The appointment of Rudakowski as a commissioner without proper accreditation or an exequatur may have had a precedent: in 1710 one B. Ia. Shipnevskii had been sent by Peter I to protect the 'stauropigial' Orthodox monasteries of White Russia from intrusion into their affairs by the local bishop, Czetwertyński as well as from conversion to the Union. Rudakowski's presence in Mogilev was nevertheless contrary to the conventions of international relations and was resented by the szlachta as a sign of the Republic's weakness.

Rudakowski's reports suggest the existence of a high degree of cooperation between the great nobles or 'magnates' and the heads of the Roman Catholic and Uniate hierarchies. He found the mass of 'the Poles' – the szlachta – wholly devoted to the Roman cause: every one of them was 'an apostle'; not only the Roman secessionists but even the Jews, he complained, call the people of the Greek religion accursed schismatics, imbued with the Muscovite spirit. 'The Romans', says Rudakowski, 'distinguish us from the [Protestant] dissenters in calling us dis-Uniates but persecute us with even greater vigour', adding that article four of the Act of 1717 was being applied also to the Orthodox and that the election of Orthodox deputies to the Sejm was being prevented. The Orthodox gentry receive no other mention but, according to Rudakowski, there were over one million ordinary Orthodox inhabitants of the Republic ready to lay down their lives for their faith. The diplomat B.I. Kurakin in some notes jotted down about the same time on the relations between Russia and the peoples of the eastern provinces of the Republic expressed a similar view: in a future war with Poland these Orthodox peoples could be of great help in creating confusion in the enemy ranks.

In the discharge of his duties Rudakowski was given to exceeding his instructions. Dolgorukii criticized him and the tsar chided him for embroiling himself in the feud between some of the 'stauropigial' monasteries, jealous of their autonomy, and the authoritarian Czetwertyński.

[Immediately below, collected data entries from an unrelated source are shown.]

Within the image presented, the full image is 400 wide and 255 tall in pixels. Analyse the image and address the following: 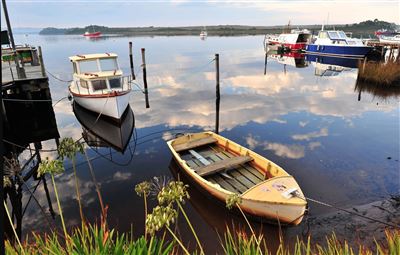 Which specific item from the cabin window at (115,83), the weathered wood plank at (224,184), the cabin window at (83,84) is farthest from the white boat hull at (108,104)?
the weathered wood plank at (224,184)

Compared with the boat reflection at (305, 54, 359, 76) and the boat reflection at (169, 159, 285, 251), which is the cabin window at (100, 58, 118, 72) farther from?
the boat reflection at (305, 54, 359, 76)

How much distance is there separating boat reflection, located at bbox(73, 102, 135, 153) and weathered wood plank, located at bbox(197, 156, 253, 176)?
18.6 ft

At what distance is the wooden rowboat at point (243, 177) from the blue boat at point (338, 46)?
110 ft

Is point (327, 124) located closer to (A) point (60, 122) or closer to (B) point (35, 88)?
(A) point (60, 122)

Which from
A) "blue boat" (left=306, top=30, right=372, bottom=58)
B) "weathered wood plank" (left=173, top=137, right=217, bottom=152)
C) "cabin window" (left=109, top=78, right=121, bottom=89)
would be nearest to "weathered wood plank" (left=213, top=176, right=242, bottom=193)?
"weathered wood plank" (left=173, top=137, right=217, bottom=152)

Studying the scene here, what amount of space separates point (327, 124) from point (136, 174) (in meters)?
11.3

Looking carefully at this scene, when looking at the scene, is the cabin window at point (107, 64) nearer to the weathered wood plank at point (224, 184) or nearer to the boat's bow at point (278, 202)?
the weathered wood plank at point (224, 184)

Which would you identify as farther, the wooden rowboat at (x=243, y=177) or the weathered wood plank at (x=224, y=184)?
the weathered wood plank at (x=224, y=184)

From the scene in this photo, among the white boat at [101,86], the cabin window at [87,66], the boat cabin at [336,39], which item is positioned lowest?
the white boat at [101,86]

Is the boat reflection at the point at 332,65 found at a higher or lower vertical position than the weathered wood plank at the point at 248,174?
higher

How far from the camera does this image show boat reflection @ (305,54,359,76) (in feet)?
107

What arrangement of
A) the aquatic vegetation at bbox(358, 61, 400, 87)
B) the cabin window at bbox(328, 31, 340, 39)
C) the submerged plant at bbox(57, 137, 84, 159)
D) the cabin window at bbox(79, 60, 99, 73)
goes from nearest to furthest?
the submerged plant at bbox(57, 137, 84, 159)
the cabin window at bbox(79, 60, 99, 73)
the aquatic vegetation at bbox(358, 61, 400, 87)
the cabin window at bbox(328, 31, 340, 39)

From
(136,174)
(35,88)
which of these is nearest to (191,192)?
(136,174)

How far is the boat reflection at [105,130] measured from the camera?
47.0ft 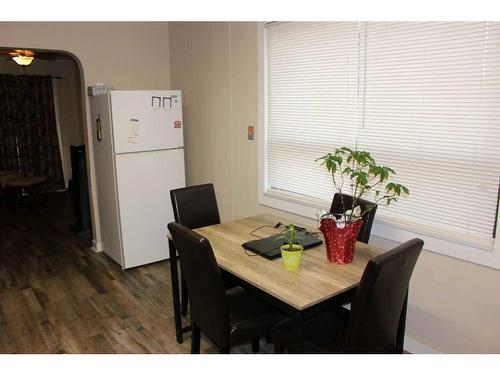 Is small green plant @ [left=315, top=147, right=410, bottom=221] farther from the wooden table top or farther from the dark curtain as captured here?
the dark curtain

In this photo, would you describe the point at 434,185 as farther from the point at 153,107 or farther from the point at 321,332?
the point at 153,107

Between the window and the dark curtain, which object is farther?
the dark curtain

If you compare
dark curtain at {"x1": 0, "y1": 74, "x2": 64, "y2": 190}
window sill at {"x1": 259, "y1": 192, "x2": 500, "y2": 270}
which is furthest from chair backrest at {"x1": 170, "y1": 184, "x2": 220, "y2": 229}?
dark curtain at {"x1": 0, "y1": 74, "x2": 64, "y2": 190}

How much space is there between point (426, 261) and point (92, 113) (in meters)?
3.26

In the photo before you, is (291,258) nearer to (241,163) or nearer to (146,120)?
(241,163)

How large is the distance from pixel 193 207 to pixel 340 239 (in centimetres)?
123

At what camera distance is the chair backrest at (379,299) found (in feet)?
4.79

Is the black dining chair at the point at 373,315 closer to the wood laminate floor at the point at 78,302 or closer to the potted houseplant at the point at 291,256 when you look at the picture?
the potted houseplant at the point at 291,256

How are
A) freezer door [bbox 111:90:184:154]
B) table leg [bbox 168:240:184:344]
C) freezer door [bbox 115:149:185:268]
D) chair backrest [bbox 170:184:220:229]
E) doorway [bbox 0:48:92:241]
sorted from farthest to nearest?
doorway [bbox 0:48:92:241] < freezer door [bbox 115:149:185:268] < freezer door [bbox 111:90:184:154] < chair backrest [bbox 170:184:220:229] < table leg [bbox 168:240:184:344]

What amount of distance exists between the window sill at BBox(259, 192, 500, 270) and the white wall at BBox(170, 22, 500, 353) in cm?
4

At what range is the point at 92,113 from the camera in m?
3.92

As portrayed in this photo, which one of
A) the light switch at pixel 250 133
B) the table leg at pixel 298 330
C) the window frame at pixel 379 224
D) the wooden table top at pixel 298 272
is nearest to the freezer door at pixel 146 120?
the light switch at pixel 250 133

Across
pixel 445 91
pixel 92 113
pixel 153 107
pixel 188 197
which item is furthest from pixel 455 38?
pixel 92 113

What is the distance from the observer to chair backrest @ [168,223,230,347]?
182 cm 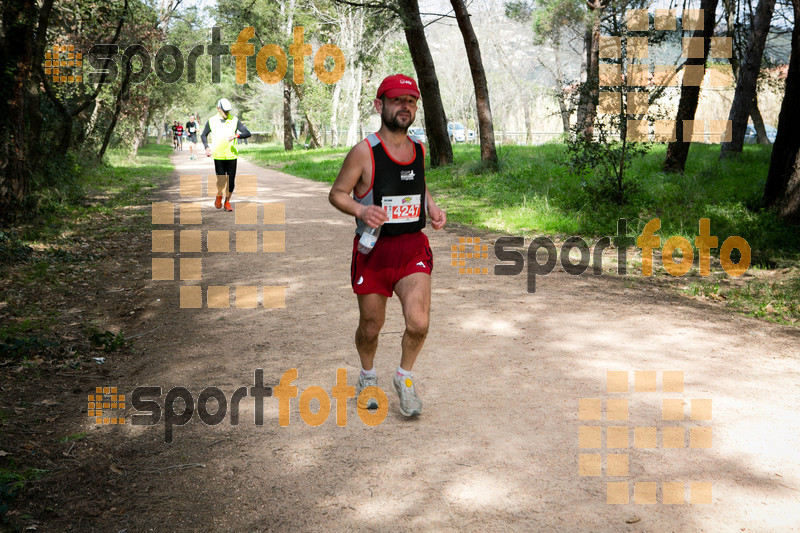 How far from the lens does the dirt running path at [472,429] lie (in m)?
3.24

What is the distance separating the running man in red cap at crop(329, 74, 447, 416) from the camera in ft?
12.8

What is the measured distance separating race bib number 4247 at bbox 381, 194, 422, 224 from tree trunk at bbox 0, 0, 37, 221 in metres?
8.71

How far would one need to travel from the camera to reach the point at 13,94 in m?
10.2

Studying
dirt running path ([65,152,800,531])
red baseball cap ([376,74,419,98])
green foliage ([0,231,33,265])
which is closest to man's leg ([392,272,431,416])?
dirt running path ([65,152,800,531])

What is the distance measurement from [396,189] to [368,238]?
1.15 ft

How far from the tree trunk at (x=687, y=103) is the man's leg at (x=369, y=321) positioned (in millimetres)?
12337

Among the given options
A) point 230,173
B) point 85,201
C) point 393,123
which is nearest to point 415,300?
point 393,123

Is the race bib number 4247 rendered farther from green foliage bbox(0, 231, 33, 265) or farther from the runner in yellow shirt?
the runner in yellow shirt

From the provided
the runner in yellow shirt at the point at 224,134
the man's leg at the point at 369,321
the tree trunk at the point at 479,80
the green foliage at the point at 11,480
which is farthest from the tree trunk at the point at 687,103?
the green foliage at the point at 11,480

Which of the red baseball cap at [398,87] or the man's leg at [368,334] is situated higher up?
the red baseball cap at [398,87]

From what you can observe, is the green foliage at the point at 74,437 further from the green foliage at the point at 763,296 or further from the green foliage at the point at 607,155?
the green foliage at the point at 607,155

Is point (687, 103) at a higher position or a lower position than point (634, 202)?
higher

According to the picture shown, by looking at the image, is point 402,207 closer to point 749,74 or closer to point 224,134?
point 224,134

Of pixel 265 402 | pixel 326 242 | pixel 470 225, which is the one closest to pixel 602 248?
pixel 470 225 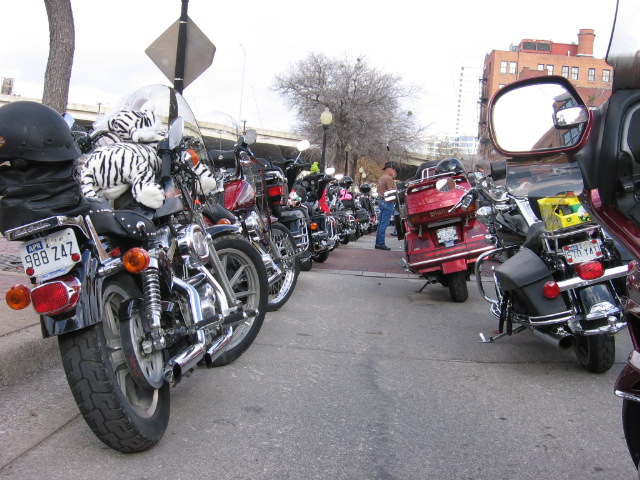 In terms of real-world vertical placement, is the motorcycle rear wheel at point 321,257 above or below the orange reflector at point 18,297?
below

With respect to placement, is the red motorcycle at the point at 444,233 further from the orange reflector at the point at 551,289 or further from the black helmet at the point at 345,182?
the black helmet at the point at 345,182

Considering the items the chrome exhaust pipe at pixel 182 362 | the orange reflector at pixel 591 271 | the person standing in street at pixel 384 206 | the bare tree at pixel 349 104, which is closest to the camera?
the chrome exhaust pipe at pixel 182 362

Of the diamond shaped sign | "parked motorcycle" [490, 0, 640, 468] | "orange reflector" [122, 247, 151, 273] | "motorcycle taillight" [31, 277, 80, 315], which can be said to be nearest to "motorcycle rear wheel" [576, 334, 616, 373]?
"parked motorcycle" [490, 0, 640, 468]

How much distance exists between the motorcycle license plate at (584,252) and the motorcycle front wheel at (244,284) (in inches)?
82.3

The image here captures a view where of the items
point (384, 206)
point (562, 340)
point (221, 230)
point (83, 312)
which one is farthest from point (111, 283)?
point (384, 206)

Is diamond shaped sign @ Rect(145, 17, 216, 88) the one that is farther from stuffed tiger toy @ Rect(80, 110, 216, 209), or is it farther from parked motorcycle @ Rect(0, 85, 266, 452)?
parked motorcycle @ Rect(0, 85, 266, 452)

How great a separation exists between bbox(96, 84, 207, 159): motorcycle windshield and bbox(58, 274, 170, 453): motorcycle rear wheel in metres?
1.49

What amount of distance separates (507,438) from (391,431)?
0.58 m

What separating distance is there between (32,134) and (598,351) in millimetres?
3566

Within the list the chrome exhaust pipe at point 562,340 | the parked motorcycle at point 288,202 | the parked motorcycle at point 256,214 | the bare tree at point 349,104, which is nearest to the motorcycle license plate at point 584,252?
the chrome exhaust pipe at point 562,340

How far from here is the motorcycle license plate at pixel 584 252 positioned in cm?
404

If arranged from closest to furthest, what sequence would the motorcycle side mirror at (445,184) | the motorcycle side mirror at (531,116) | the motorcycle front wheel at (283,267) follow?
1. the motorcycle side mirror at (531,116)
2. the motorcycle front wheel at (283,267)
3. the motorcycle side mirror at (445,184)

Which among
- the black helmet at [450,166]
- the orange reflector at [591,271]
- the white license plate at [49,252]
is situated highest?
the white license plate at [49,252]

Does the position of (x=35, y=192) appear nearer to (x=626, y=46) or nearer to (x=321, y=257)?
(x=626, y=46) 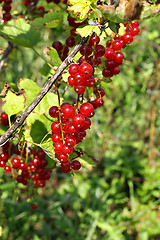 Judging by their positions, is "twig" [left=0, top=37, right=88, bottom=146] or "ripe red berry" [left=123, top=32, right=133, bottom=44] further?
"ripe red berry" [left=123, top=32, right=133, bottom=44]

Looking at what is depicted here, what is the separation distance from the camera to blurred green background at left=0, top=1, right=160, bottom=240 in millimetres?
2066

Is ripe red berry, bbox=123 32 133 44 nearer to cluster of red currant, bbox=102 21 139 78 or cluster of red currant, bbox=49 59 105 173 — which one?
cluster of red currant, bbox=102 21 139 78

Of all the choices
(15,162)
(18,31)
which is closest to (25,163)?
(15,162)

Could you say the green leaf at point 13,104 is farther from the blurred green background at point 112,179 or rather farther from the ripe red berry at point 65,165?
the blurred green background at point 112,179

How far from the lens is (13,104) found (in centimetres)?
84

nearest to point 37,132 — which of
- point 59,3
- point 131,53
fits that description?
point 59,3

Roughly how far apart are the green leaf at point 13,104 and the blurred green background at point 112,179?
2.71 feet

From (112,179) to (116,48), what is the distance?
216 centimetres

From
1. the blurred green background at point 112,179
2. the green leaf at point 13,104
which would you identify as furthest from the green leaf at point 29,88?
the blurred green background at point 112,179

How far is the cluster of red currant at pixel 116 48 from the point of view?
2.82 feet

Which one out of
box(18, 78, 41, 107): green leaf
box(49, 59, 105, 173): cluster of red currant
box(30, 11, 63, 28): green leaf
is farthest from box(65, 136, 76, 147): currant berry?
box(30, 11, 63, 28): green leaf

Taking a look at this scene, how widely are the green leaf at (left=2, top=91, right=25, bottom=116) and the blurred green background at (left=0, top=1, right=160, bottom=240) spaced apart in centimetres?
83

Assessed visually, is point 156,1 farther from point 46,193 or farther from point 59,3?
point 46,193

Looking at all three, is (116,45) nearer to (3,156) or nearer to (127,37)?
(127,37) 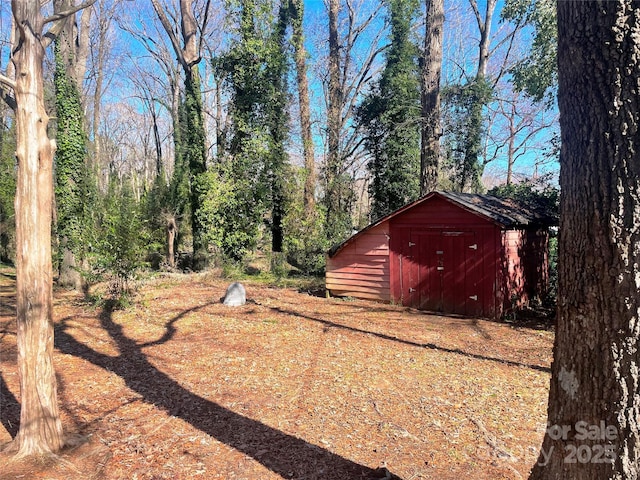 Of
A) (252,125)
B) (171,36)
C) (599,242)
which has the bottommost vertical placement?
(599,242)

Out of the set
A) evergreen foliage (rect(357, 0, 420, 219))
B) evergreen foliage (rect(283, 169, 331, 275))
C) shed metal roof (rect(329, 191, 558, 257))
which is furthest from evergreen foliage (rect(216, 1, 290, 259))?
shed metal roof (rect(329, 191, 558, 257))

Early in 1725 Rudakowski was recalled by the Empress Catherine I who had succeeded her husband, Peter the Great, in February of that year. According to the former commissioner's final report, he had fallen victim to false accusations made by his enemies in White Russia, although he also mentions as a motive for his recall the need to keep the szlachta quiet at the forthcoming Sejm and in another paragraph states that 'the Poles' had demanded his recall in order to be able to convert the Republic's inhabitants of the Greek faith for the sake of political unanimity so that they could deprive the Russian Empire of Kiev, Smolensk and Livonia. The demand in question had been addressed to the new Russian envoy, V.L. Dolgorukii, towards the end of 1724 after the Sejm of that year by the Polish ministers and senators. Rudakowski, they said, was breaking the peace between the Catholic clergy and the dis-Uniates, his presence on the Republic's territory was without precedent (which was not the case). The memory of the tumult of Thorn was still fresh in Polish minds and the fear of more interconfesional strife was genuine.

Rudakowski in his report asserted that to have first given the Orthodox official protection and next to have withdrawn it (by recalling him) was shameful and put them in jeopardy. There is some justice in this opinion but what Rudakowski saw as loss of face was proof that the Russians – by that time led by Catherine I and her favourite, Menshikov, a sworn enemy of the Union – like Peter the Great before them, set greater store by their good relations with the Poles and Lithuanians than they cared for the condition of the Orthodox confession in White Russia and could afford a small tactical concession. In place of Rudakowski a member of the suite of Vasilii L. Dolgorukii was to be sent occasionally to White Russia to report on the treatment of the local Orthodox inhabitants.


* The adjudicator in disputes between peasants on Crown estates and their landlords and a judge in a variety of courts.